Footnote: Frau Kern’s obituary

27 Oct


(I have written, as part of my ”Three German Women” project, two profiles of Irmgard Rexroth-Kern–see my blog for 25 and 8 June 2015. I have now found the obituary that was written for her in the paper she often worked for, the Frankfurter Allgemeine Zeitung. The author was an old friend of hers, Karl Korn, who in 1949 founded the FAZ. Korn was a controversial figure–a defender of Heidegger, and a contrarian conservative. George, who knew and liked Frau Kern very much, finds this obituary a bit dour, but I do feel that she was always a little lost and sad, having suffered so much, physically and spiritually. We did know her, too, in those final years when she was so active in Erbach, when she had a moment of happy creativity. I do wish I could provide photos, but I have none, and her son Vincent seems to be reluctant to continue his participation in my efforts to honor his mother. The following is my translation of a rather complicated journalistic German, so I beg for understanding if it reads a little haltingly.)

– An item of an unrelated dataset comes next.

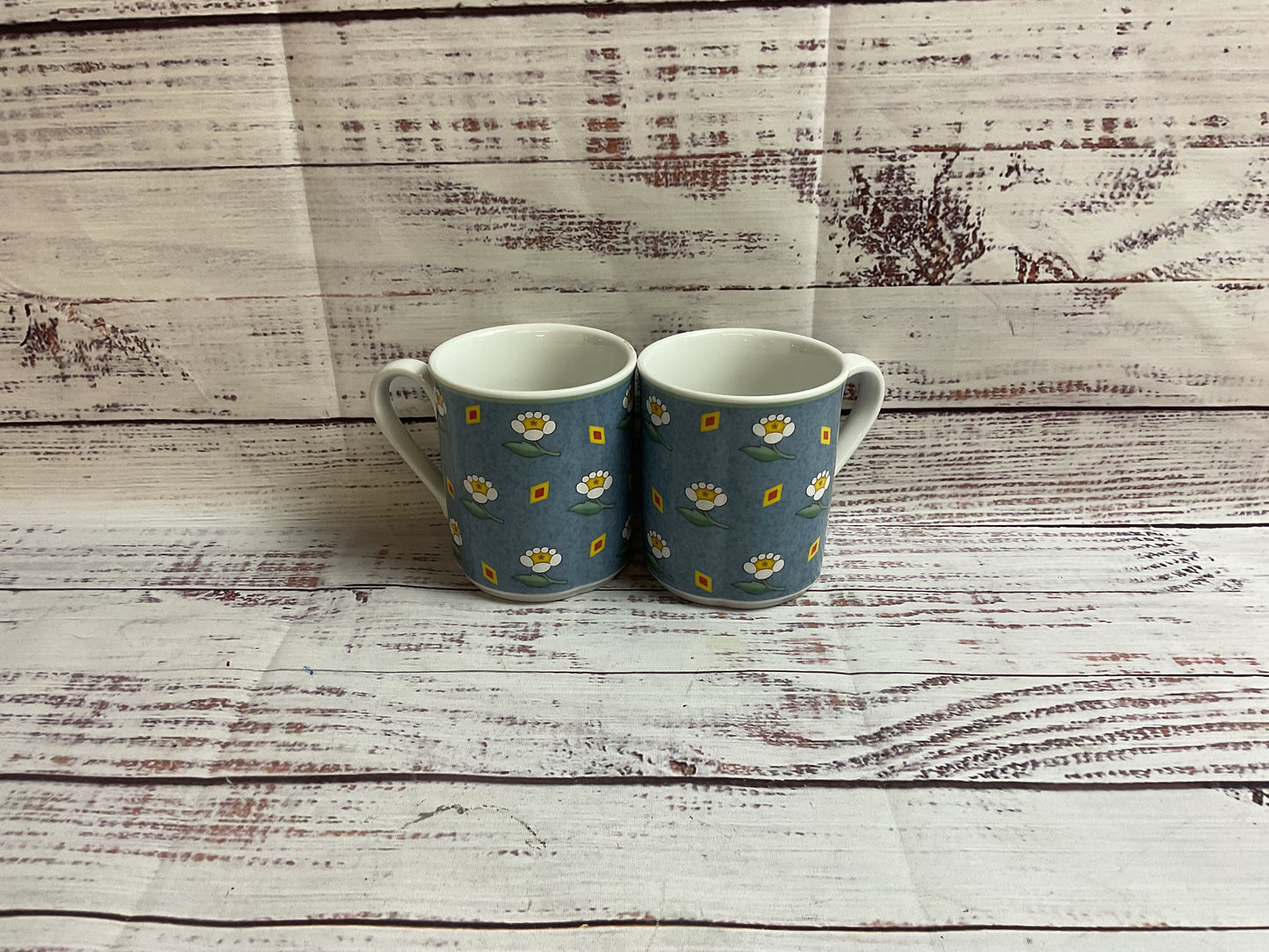 Villeroy & Boch Switch Ava Red/Blue Mugs [Set Of 5]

Obituary for Frau Kern, FAZ 13. July 1983, by Karl Korn:

The writer and journalist Irmgard Kern-Rexroth died recently in Darmstadt after a long illness. When, after long silent intervals, she would appear again in one of the publications of the Rhein-Main region, there was always an aura of homelessness and loneliness about her. The last time I saw her she was wearing, as always in dreary winter weather, her broad coat, which always reminded me of the coat Sherlock Holmes wore. She seemed to be looking for someone–and I, who had known her in passing since student days, seemed to fit the bill. She seemed more unsteady, shyer, lonelier, and also more stubborn than I remembered her from the 1950s. As a writer she had achieved a name for herself long ago. She worked for quite a while for the city page of this newspaper. She had an affinity for sensitive profiles, chiefly of women, and children, too.  I remember a literary vignette in which she depicts a little boy with his mother waiting at a street light; the boy starts to cross at the wrong moment and is with horrifying force pulled back by a protective arm.

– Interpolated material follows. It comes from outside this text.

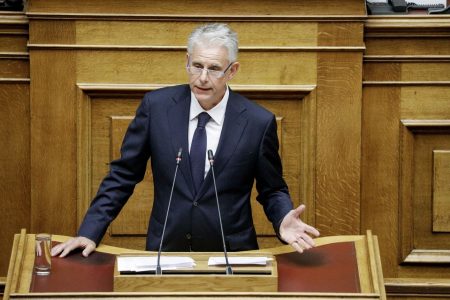 Σπύρος Πνευματικός: Παραδίδει την έδρα του στη ΝΔ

In 1936, Irmgard Kern had married against her parents’ wishes the talented literary student H.G. Rexroth. Her Berlin family had been of the bourgeois educated milieu. She had already caused a sensation in 1934 when, as a 27-year-old, she had written a highly unusual series of anonymously autobiographical observations in the Frankfurter Zeitung.  Apparently Benno Reifenberg and Eugen Claasen, who ran the press at the time, and who prized Kern’s talent, had spurred her on to this literary achievement, which was perhaps her best work. Whoever reads this ‘Autobiography of a Young Woman’ today will experience an eyewitness account–or, more to the point, a testimonial of suffering–that still has relevance today, because it is filled with merciless truth, with hardly a moment’s reflection on the experiences recounted. Only toward the conclusion, shortly before the break with her family and what today would be called a ‘healthy’ world, does she write:  ‘We discovered, only hazily, that we had lost the norms that still determined the directions of our parents and teachers…Our revolutionary will was forced into our souls—I observed the students [at a dance lesson] in a kind of spiteful irritability…my nastiness a kind of original sin that I had to bear.’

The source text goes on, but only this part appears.